- WORK ITEM -
Would you retype every line below without changing anything?

- EXCERPTED RECORDS -
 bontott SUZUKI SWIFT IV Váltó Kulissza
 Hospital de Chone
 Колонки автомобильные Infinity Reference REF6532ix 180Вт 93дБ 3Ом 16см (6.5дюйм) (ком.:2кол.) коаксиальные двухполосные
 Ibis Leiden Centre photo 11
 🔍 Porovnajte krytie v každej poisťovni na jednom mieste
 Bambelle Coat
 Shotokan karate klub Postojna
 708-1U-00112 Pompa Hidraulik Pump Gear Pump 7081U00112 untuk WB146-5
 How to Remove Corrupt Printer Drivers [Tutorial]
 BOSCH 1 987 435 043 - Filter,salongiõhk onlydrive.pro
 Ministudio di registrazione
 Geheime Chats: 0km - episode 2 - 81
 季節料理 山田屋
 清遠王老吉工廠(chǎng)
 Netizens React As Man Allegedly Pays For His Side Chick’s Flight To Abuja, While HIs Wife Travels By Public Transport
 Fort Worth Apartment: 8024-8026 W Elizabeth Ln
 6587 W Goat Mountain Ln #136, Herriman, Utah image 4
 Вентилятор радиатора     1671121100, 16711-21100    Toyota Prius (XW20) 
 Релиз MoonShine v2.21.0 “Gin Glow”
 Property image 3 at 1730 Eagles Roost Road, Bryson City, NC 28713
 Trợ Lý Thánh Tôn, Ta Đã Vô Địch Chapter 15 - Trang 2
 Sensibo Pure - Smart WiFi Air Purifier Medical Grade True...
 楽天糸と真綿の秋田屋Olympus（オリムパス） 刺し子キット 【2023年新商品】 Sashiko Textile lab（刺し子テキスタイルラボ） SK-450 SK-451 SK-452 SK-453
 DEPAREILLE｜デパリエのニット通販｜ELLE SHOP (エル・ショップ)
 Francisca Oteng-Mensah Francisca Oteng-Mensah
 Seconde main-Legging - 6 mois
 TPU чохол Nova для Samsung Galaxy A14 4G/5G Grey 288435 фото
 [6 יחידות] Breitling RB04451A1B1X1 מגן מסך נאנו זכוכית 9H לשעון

- ANSWER BOX -
 bontott SUZUKI SWIFT IV Váltó Kulissza
 Hospital de Chone
 Колонки автомобильные Infinity Reference REF6532ix 180Вт 93дБ 3Ом 16см (6.5дюйм) (ком.:2кол.) коаксиальные двухполосные
 Ibis Leiden Centre photo 11
 🔍 Porovnajte krytie v každej poisťovni na jednom mieste
 Bambelle Coat
 Shotokan karate klub Postojna
 708-1U-00112 Pompa Hidraulik Pump Gear Pump 7081U00112 untuk WB146-5
 How to Remove Corrupt Printer Drivers [Tutorial]
 BOSCH 1 987 435 043 - Filter,salongiõhk onlydrive.pro
 Ministudio di registrazione
 Geheime Chats: 0km - episode 2 - 81
 季節料理 山田屋
 清遠王老吉工廠(chǎng)
 Netizens React As Man Allegedly Pays For His Side Chick’s Flight To Abuja, While HIs Wife Travels By Public Transport
 Fort Worth Apartment: 8024-8026 W Elizabeth Ln
 6587 W Goat Mountain Ln #136, Herriman, Utah image 4
 Вентилятор радиатора     1671121100, 16711-21100    Toyota Prius (XW20) 
 Релиз MoonShine v2.21.0 “Gin Glow”
 Property image 3 at 1730 Eagles Roost Road, Bryson City, NC 28713
 Trợ Lý Thánh Tôn, Ta Đã Vô Địch Chapter 15 - Trang 2
 Sensibo Pure - Smart WiFi Air Purifier Medical Grade True...
 楽天糸と真綿の秋田屋Olympus（オリムパス） 刺し子キット 【2023年新商品】 Sashiko Textile lab（刺し子テキスタイルラボ） SK-450 SK-451 SK-452 SK-453
 DEPAREILLE｜デパリエのニット通販｜ELLE SHOP (エル・ショップ)
 Francisca Oteng-Mensah Francisca Oteng-Mensah
 Seconde main-Legging - 6 mois
 TPU чохол Nova для Samsung Galaxy A14 4G/5G Grey 288435 фото
 [6 יחידות] Breitling RB04451A1B1X1 מגן מסך נאנו זכוכית 9H לשעון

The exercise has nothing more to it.